Today S-21 Prison is known as the Tuol Sleng Museum of Genocide.
 They kept records and pictures off all the prisoners that enter the interrogation center. They also described the type of torture used on each prisoner. So the Khmer Rouge could see that their orders had been carried out and how.
Those manuals, some of the torture instrument and the shackles and chains used, are on exhibition at the museum.
14,000 people enter the center and only 7 survived. 5 babies and two boys. The two boys are old man now and they sit every day in the garden and talk with the people coming to see the prison.
The prisoners were kept at the prison until they confessed.

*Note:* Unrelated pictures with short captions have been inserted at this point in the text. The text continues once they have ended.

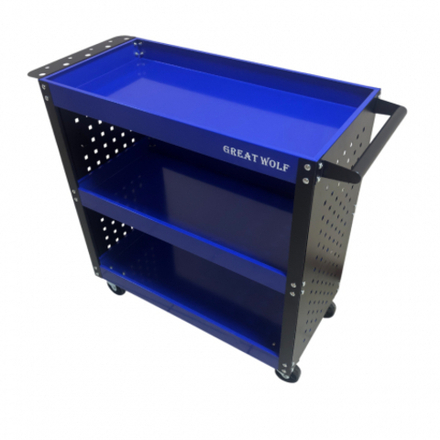Инструментальная тележка GW-3ST3 BLUE (3 полки, с перфорацией, синяя, Great Wolf)
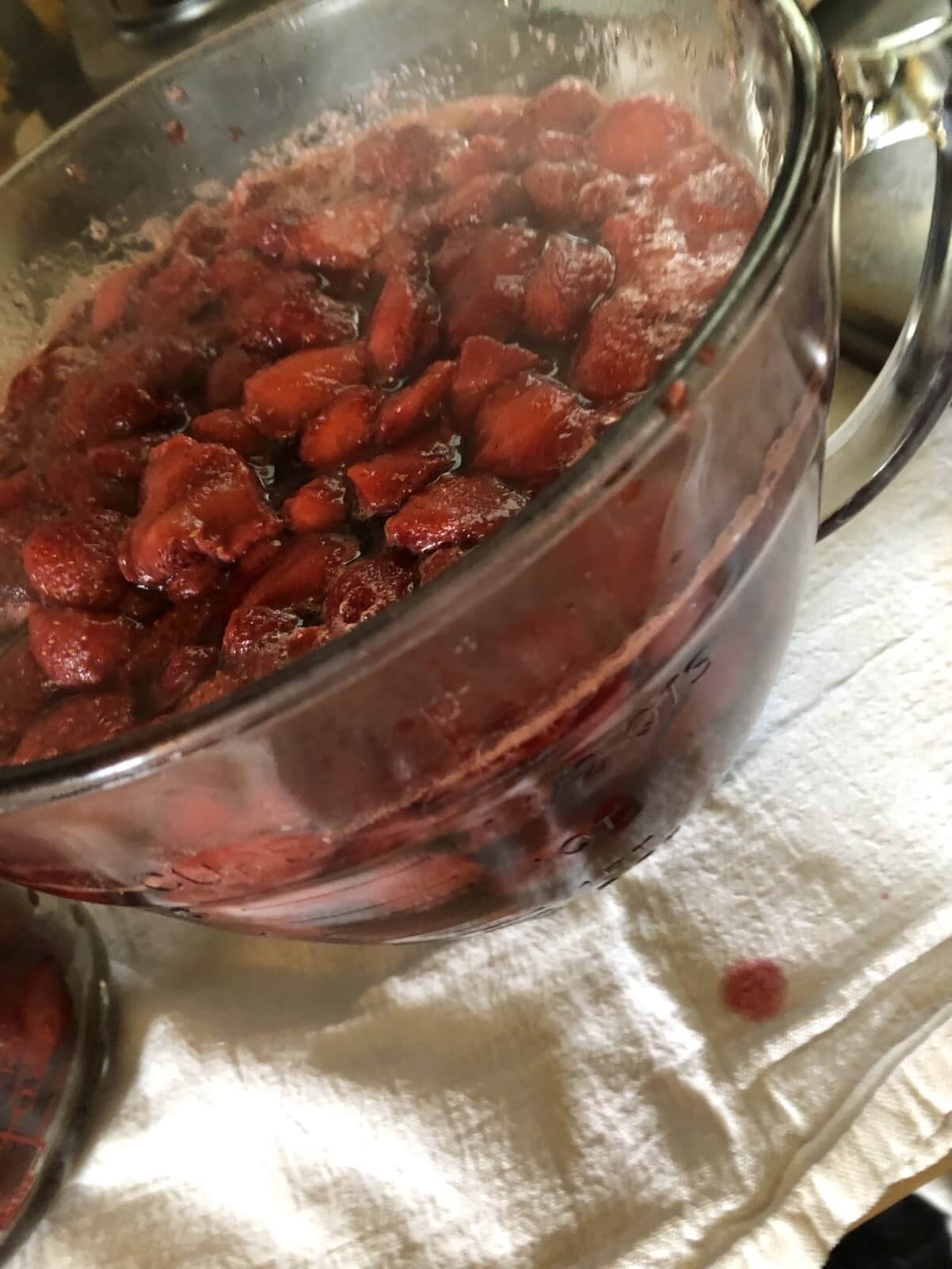 strawberries measured for jam making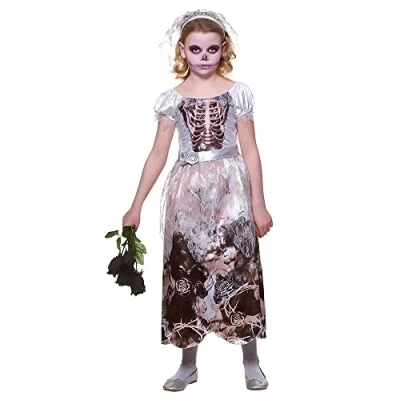 Image of Girls Skeleton Bride Fancy Dress Costume X Large (11 13 Years)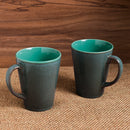 Ceramic Coffee Mug | Teal Blue & Stone Blue | 320 ml | Set of 2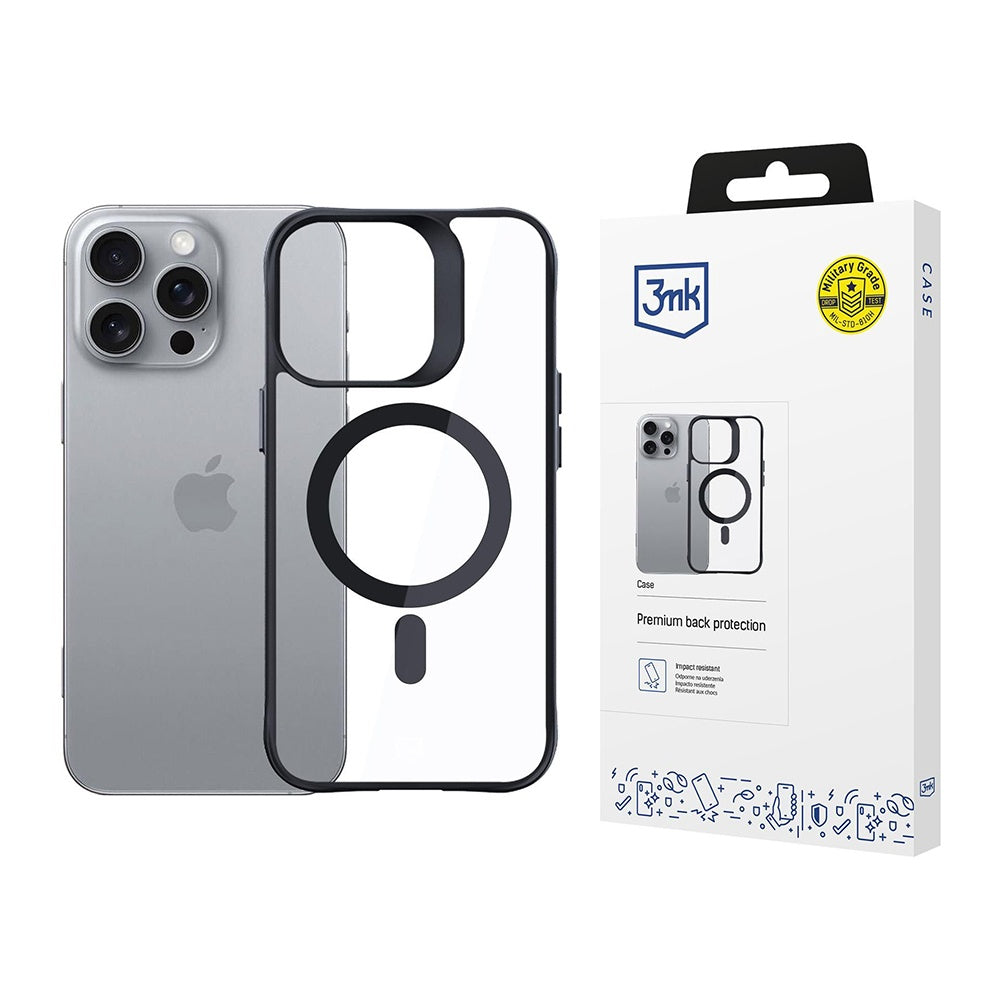 Custodia MagSafe per Apple iPhone 16 Pro, 3MK, Satin Armor, Trasparente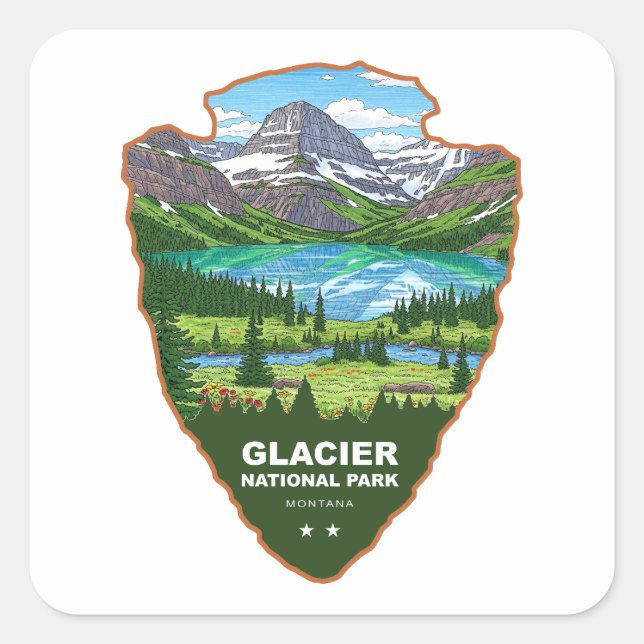 Glacier National Park Montana Arrowhead Square Sticker (Front)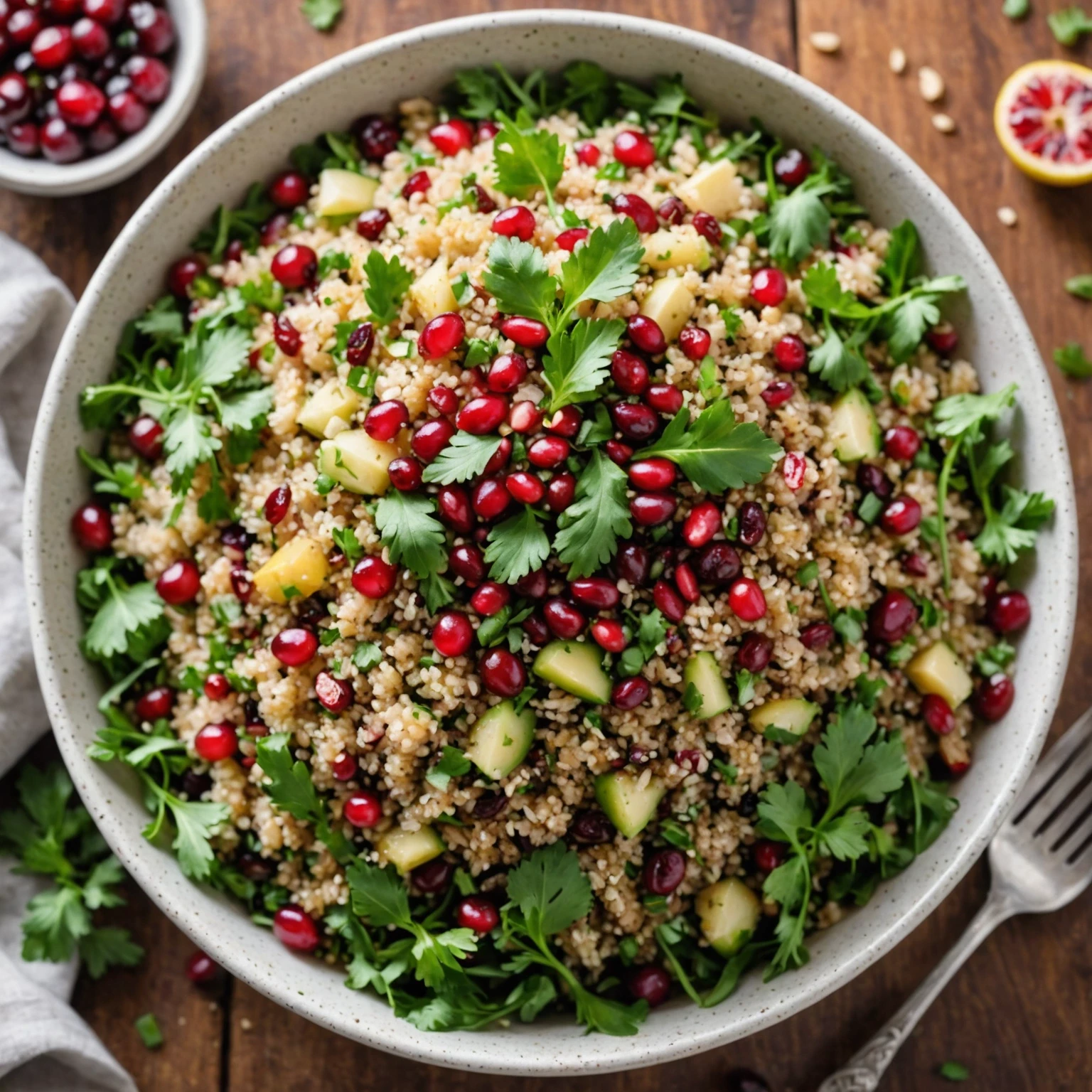 Gluten-Free Festive Cranberry Pomegranate Quinoa Salad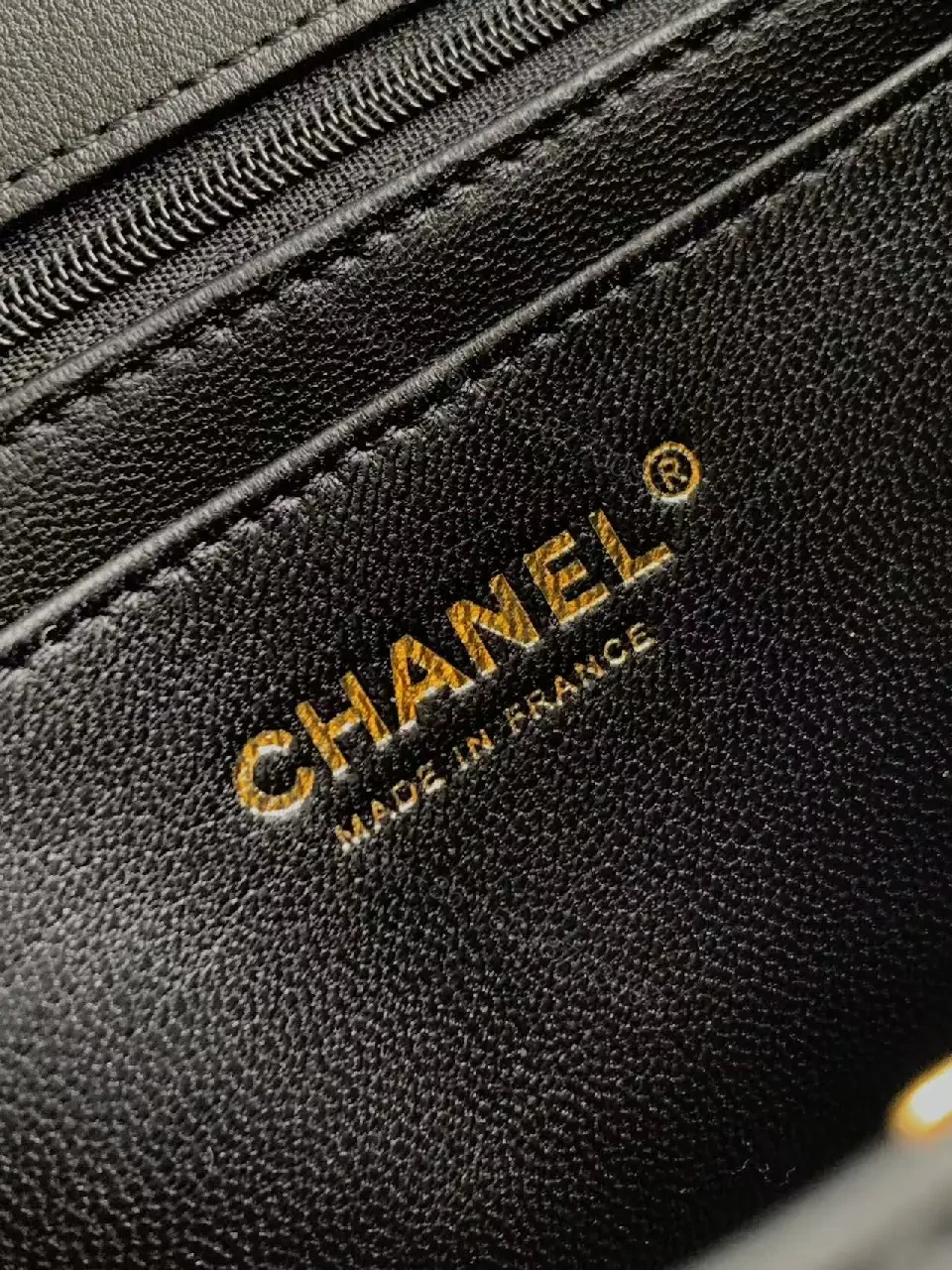 View 3 of Quilted Black Leather Crossbody: Golden Turn-Lock Charm Bag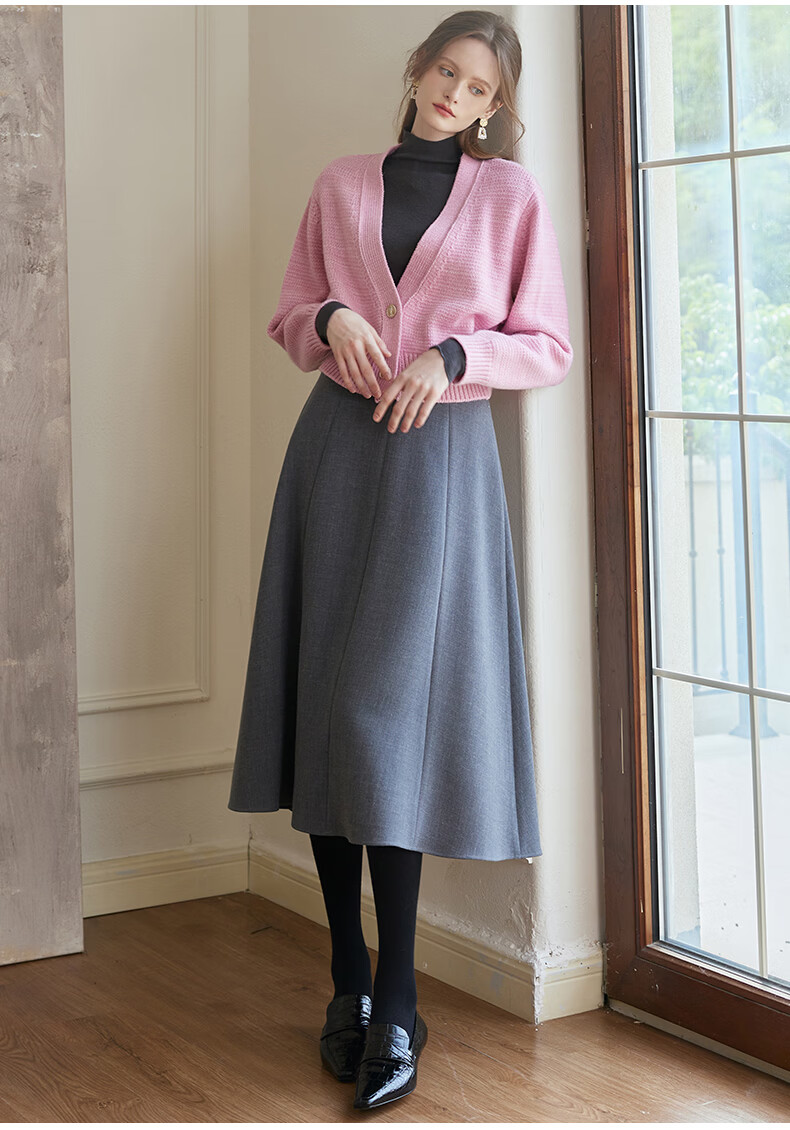 ROEYSHOUSE Women's Versatile Flared Midi Skirt Winter Slim Fit High Waist Office Skirt 11781 Gray XL 6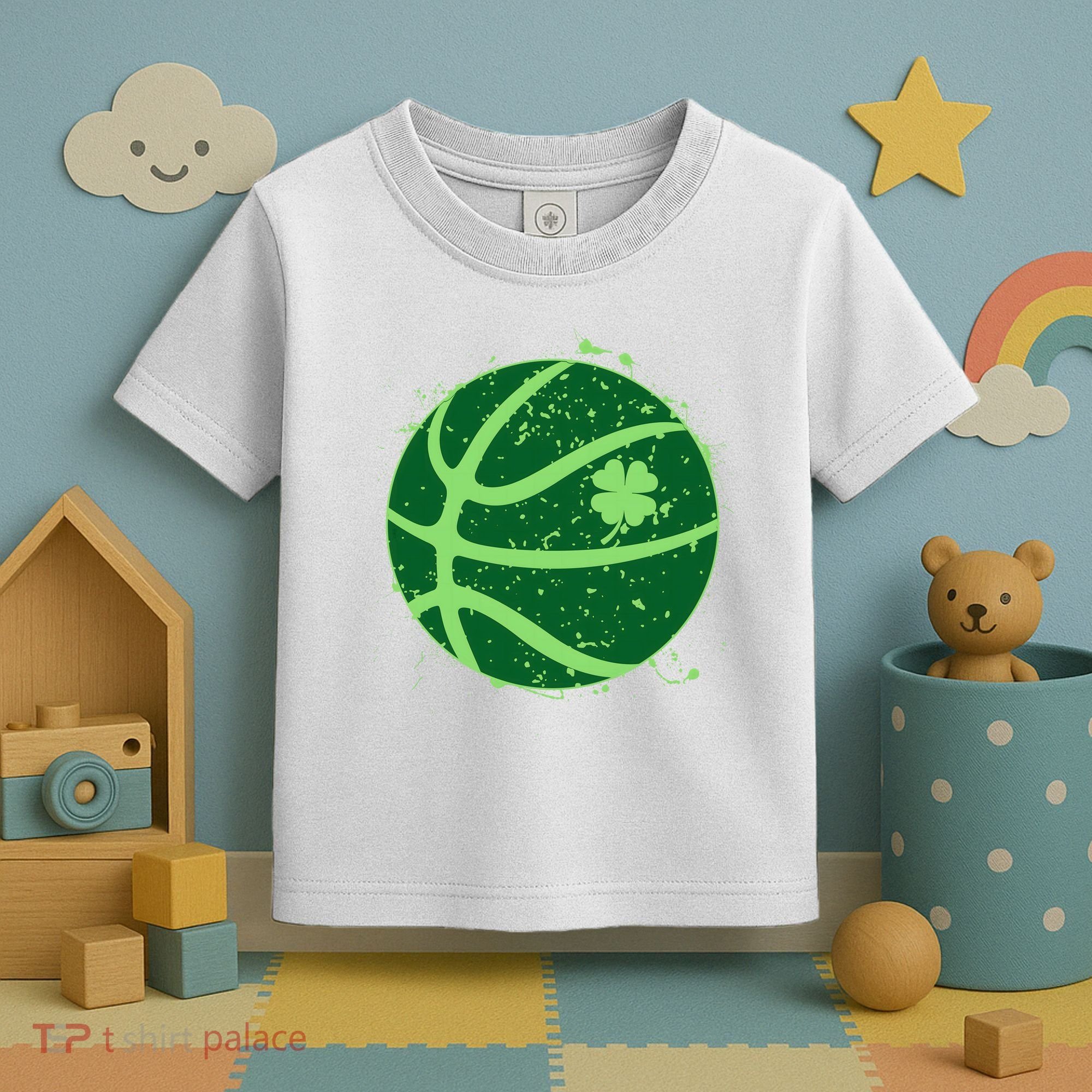 St Patrick's Day Lucky Shamrock Paint Splat Basketball Toddler T-Shirt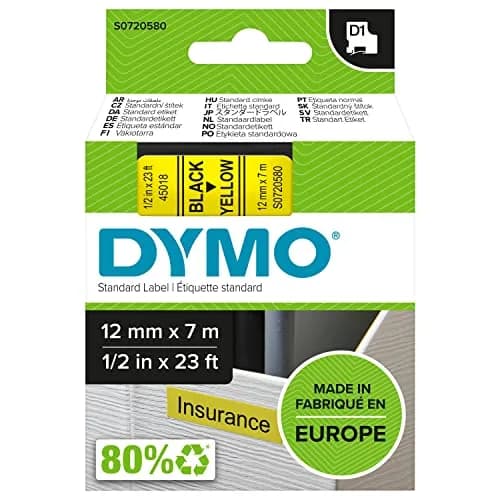 DYMO D1 Standard Label Tape Black on Yellow 12mm x 7m | Compatible with LabelManager Series thumbnail 1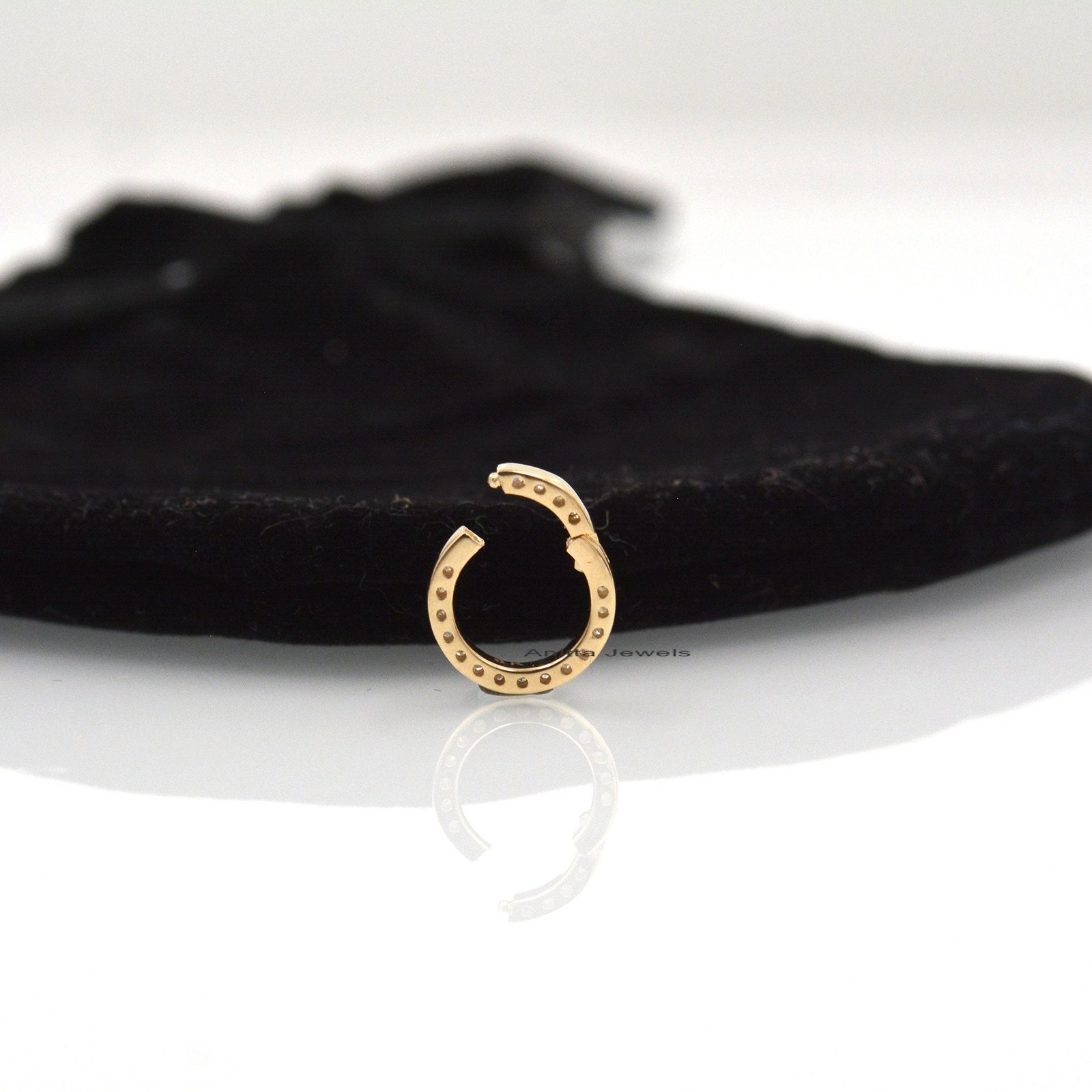 Diamond Sterling Silver Charm Enhancer: Elongated Circle Charm Holder - View 4 - Anitta Jewels | SKU: etsy_984710783 Diamond Sterling Silver Charm Enhancer: Elongated Circle Charm Holder - View 4 - Anitta Jewels | SKU: etsy_984710783
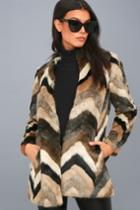 Amuse Society | Waylon Multi Faux Fur Coat | Size Small | Brown | 100% Polyester | Lulus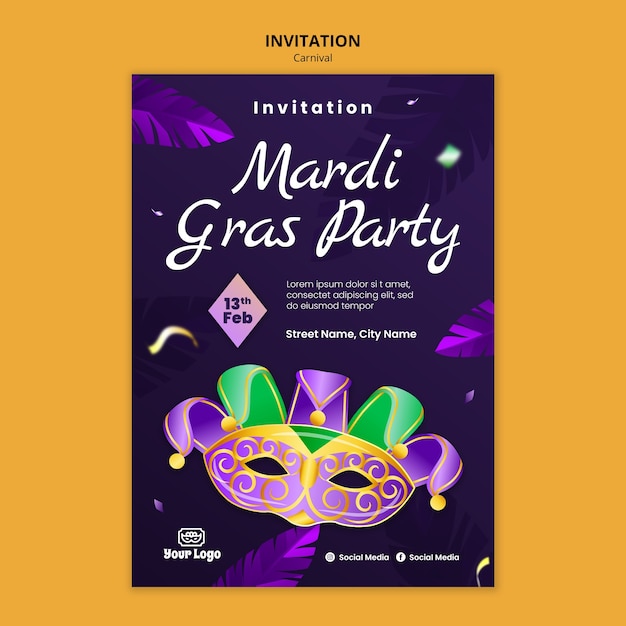 PSD mardi gras celebration  invitation template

After those atrocious tortures, starvation and loss of hope, I guess anybody would confess to anything they wanted you to confess.
Once they confess, the prisoners were sent to what it is known as the killing fields.
There were many killing fields all over Cambodia.
As the prisoners arrived, they were killed right away and thrown into mass graves. 
They had loud speaker playing music, so the neighboring farmers would not hear the screams. They also threw lye in the graves so they won’t smell the rotting corpses.
Bullets were expensive, so they used to hit them to death with bamboo, or shovels, or anything else they had on hand.
The babies were thrown against a tree or thrown into the air and catch with a bayonet. There are pictures of soldiers having a game of this.
Between all the killing fields, more than two million women, men and children were killed. And when you have into consideration that Cambodia had 8 million people, you are talking about 25% of the population.
It was a terrible place and you can feel it in the air as you walk through the prison and the fields. Nevertheless, it is a place we all must see, as it is part of history. 

Because I did not have enough suffering seeing all these atrocities, that night I watched the movie “The Killings Fields” (1984). With Sam Waterston, Haing S. Ngor, John Malkovich, Julian Sands and Craig T. Nelson. Directed by Roland Joffé.
The movie narrates the experiences of two journalists: Cambodian Dith Pran and American Sydney Schanberg. It tell how they were trapped during Pol Pot's bloody cleansing campaign, which claimed the lives of two million "undesirable" civilians.
Excellent movie, I saw it when it came out, but today I wanted to see it again. And I am glad I did.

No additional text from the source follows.